Montana Joins the State Mandatory Ethanol March

Montana Governor Brian Schweitzer signed into law a bill requiring all gasoline in Montana to contain 10 percent ethanol, with the exception of 91 octane gasoline. The law goes into effect twelve months after the state has 40 million gallons of annual ethanol production capacity. This announcement comes on the heals of Minnesota further strengthening their requirement for the bio-based fuel additive.
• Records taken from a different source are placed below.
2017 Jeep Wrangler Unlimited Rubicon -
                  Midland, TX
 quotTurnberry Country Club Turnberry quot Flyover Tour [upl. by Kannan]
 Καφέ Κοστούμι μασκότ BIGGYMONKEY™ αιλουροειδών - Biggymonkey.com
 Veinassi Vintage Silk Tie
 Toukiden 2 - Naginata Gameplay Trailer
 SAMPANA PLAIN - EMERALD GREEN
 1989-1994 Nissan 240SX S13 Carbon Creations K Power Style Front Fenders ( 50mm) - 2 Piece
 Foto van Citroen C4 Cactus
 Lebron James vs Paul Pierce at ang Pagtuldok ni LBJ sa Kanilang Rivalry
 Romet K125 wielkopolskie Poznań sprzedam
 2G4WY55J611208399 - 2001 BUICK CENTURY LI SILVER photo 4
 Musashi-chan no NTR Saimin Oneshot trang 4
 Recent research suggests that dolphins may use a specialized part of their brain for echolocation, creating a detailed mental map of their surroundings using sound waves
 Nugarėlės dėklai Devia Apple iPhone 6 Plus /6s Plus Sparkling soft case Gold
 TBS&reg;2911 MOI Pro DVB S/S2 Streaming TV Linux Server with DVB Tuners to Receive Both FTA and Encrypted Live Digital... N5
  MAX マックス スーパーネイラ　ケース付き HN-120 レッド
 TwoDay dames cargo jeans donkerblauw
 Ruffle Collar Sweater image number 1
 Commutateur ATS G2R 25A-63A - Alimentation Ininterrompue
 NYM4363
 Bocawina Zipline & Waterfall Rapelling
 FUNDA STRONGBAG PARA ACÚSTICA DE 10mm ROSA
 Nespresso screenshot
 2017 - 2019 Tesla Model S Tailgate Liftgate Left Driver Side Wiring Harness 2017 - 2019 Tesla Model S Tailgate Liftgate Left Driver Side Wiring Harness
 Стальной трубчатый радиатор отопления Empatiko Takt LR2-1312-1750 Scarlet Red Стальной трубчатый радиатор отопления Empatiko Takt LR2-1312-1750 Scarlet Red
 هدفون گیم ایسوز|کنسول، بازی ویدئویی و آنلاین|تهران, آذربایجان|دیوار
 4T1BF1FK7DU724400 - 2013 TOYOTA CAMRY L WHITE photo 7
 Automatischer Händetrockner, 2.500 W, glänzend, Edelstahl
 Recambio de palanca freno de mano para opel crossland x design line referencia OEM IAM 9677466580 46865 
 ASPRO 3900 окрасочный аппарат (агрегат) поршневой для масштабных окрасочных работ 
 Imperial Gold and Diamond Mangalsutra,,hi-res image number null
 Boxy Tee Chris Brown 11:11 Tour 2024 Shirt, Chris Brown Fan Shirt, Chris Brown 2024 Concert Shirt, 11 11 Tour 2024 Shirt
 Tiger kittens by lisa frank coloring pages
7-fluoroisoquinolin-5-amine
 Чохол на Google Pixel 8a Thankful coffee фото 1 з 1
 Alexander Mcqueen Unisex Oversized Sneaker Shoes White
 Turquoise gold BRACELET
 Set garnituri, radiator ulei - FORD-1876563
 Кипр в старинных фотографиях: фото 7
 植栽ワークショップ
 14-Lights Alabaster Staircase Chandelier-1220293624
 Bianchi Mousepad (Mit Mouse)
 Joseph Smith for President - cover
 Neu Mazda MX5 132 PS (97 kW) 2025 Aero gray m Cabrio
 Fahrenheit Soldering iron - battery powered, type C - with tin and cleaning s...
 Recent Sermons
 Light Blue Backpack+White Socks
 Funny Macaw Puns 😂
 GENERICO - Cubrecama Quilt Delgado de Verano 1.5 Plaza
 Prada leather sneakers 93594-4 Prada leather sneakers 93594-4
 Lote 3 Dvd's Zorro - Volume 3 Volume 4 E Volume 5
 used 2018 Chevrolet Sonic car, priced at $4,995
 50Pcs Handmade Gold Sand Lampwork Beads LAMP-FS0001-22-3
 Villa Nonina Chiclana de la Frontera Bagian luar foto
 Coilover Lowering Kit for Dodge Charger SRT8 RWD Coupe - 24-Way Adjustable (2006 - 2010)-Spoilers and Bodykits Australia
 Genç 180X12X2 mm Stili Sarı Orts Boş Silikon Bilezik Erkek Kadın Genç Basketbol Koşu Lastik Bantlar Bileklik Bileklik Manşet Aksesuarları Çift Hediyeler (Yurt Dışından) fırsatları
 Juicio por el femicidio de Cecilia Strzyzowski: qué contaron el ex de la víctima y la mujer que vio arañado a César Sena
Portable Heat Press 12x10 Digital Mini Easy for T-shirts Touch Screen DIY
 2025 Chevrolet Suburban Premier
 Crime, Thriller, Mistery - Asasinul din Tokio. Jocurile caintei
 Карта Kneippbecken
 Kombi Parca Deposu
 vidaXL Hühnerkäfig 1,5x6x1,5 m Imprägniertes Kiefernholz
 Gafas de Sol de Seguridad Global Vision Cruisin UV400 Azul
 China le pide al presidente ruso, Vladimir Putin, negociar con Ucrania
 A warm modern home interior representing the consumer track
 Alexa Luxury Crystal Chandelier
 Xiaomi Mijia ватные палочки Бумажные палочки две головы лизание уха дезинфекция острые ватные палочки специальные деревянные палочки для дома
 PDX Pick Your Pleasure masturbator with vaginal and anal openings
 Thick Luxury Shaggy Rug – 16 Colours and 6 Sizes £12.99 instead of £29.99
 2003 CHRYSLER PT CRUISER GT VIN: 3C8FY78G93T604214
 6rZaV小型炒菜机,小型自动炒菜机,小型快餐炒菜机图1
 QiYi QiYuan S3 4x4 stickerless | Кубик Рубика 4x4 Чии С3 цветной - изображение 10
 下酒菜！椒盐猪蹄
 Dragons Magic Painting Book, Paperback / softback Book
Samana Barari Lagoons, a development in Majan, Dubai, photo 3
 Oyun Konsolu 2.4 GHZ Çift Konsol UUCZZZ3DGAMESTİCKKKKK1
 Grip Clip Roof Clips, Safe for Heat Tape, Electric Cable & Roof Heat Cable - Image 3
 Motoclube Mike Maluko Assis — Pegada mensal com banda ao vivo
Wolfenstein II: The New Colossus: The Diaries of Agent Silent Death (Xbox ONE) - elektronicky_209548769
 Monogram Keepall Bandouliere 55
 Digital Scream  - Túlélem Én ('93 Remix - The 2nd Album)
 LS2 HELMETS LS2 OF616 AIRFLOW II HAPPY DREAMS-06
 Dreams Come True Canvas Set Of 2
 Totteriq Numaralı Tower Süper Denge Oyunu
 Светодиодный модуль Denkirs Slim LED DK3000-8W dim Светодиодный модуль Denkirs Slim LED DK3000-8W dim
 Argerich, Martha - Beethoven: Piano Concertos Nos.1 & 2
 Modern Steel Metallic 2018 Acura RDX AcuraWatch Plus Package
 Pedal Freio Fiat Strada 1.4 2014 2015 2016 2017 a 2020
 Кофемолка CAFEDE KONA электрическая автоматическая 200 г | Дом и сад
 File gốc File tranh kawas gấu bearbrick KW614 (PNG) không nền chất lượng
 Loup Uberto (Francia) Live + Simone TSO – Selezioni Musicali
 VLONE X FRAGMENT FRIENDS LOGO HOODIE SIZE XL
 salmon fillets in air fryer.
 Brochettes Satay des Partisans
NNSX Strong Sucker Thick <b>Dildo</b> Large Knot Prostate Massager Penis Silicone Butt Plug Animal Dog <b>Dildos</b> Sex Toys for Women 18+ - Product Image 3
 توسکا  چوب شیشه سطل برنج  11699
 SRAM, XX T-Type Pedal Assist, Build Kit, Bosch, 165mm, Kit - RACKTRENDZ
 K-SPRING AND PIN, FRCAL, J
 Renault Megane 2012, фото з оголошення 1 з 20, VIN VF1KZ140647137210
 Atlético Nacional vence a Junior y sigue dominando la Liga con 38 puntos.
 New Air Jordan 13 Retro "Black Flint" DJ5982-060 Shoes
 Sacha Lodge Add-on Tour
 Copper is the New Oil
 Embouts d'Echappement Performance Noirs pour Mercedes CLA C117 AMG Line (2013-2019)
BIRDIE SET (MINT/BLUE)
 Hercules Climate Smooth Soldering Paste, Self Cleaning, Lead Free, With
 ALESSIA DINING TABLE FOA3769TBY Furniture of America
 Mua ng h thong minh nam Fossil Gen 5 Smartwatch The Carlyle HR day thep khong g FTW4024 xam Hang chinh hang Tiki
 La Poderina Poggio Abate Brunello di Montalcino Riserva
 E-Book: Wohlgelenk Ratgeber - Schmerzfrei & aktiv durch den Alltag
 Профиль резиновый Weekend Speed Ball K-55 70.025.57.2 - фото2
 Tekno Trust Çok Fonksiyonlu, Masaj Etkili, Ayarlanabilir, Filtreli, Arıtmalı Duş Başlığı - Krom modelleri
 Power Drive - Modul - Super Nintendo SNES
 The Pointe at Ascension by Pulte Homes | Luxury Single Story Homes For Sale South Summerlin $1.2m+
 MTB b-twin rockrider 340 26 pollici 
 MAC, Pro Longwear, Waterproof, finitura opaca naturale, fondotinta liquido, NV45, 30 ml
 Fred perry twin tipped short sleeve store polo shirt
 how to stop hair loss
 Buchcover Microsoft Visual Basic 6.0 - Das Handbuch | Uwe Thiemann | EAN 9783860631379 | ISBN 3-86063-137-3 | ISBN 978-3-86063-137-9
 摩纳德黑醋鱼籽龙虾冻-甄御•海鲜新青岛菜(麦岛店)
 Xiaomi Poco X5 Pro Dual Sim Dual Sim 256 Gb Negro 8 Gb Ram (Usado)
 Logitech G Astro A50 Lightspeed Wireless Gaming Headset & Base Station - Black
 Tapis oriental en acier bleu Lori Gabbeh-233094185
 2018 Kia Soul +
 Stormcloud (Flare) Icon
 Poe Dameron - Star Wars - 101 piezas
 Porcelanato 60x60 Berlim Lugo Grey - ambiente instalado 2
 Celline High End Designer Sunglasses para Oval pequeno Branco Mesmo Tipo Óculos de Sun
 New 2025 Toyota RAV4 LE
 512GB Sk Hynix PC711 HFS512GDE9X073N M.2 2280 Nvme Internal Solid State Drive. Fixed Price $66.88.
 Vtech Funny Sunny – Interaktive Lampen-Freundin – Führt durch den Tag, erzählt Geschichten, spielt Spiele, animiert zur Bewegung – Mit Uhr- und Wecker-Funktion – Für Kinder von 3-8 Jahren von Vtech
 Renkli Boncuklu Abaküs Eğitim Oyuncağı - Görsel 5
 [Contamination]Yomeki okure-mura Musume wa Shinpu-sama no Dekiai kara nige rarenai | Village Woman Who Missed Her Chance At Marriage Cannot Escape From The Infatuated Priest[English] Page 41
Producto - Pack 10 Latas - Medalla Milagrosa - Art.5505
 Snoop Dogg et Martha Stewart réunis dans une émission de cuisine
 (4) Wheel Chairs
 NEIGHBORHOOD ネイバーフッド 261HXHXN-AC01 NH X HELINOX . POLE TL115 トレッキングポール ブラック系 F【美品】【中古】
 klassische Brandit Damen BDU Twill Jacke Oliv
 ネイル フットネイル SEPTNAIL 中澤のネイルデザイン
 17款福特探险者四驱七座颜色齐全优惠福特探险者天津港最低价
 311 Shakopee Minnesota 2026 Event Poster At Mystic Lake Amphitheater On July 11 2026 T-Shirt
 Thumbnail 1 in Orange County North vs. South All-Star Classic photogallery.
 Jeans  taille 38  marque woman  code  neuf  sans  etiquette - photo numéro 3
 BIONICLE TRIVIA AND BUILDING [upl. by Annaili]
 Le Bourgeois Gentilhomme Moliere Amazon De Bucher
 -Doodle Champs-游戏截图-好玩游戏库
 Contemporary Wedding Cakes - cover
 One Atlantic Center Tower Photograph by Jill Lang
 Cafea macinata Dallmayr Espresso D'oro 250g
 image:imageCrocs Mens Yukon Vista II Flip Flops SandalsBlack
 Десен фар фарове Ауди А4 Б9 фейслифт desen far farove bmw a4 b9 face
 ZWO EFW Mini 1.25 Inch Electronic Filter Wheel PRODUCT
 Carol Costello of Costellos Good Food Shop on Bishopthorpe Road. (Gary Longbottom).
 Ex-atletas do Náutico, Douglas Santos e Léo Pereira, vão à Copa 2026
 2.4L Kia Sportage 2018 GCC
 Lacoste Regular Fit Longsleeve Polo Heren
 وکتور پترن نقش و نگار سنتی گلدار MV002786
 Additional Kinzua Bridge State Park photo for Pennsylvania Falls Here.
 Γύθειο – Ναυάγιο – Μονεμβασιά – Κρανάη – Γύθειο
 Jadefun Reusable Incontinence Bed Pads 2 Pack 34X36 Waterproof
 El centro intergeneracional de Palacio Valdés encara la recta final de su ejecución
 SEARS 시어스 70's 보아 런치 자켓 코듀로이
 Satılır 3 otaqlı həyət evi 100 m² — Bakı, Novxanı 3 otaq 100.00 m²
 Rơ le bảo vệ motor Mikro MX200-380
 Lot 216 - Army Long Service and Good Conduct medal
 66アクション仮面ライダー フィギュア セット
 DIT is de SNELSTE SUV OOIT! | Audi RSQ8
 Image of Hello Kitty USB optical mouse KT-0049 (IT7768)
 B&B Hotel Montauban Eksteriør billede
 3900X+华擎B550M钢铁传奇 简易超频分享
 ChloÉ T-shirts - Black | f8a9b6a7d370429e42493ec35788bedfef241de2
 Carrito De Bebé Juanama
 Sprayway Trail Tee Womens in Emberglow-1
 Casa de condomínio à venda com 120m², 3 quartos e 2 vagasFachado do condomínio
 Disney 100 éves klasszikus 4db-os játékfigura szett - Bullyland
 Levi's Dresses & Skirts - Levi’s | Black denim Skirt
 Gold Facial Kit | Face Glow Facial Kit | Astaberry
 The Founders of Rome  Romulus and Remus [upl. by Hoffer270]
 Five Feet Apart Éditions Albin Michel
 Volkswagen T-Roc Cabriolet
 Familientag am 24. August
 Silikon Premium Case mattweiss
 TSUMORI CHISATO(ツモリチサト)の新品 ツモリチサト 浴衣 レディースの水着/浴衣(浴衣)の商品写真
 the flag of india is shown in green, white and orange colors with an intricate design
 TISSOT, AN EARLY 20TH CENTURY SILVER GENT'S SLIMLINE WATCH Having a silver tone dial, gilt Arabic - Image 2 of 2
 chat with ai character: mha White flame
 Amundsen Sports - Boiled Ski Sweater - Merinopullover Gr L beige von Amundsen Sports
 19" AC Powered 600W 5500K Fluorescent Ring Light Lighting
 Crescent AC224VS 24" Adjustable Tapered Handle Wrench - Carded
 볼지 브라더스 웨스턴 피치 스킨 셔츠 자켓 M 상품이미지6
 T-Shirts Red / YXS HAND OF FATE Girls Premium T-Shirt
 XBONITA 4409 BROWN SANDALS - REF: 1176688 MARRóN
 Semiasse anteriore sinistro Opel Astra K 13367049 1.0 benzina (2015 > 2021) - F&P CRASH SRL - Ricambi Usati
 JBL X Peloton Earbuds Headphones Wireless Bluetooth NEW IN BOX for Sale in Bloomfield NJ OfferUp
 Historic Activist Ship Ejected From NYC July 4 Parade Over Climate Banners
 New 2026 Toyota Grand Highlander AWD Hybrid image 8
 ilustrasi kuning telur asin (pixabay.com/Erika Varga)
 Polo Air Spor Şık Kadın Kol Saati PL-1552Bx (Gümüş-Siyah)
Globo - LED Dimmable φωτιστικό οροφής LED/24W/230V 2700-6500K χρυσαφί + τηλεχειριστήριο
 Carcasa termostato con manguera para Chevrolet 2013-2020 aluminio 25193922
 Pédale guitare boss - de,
Senator Jerry Black (R-Shelby) and Representative Bob Bergren (D-Havre) are the original authors of the Montana legislation. Montana now becomes the third state in the nation to require the use of 10 percent ethanol. Hawaii enacted a similar measure last year, and Minnesota has done so for nearly a decade. The Montana announcement comes just days after Minnesota lawmakers gave final approval to legislation that would require all of the state’s gasoline to contain 20 percent ethanol by the year 2013, up from the current level of 10 percent. That measure is on its way to Governor Tim Pawlenty for his signature. The U.S. currently has the capacity to produce nearly 3.7 billion gallons of ethanol annually at 85 ethanol plants. The nation consumes more than 140 billion gallons of gasoline each year, so much potential remains for increased nationwide use of ethanol.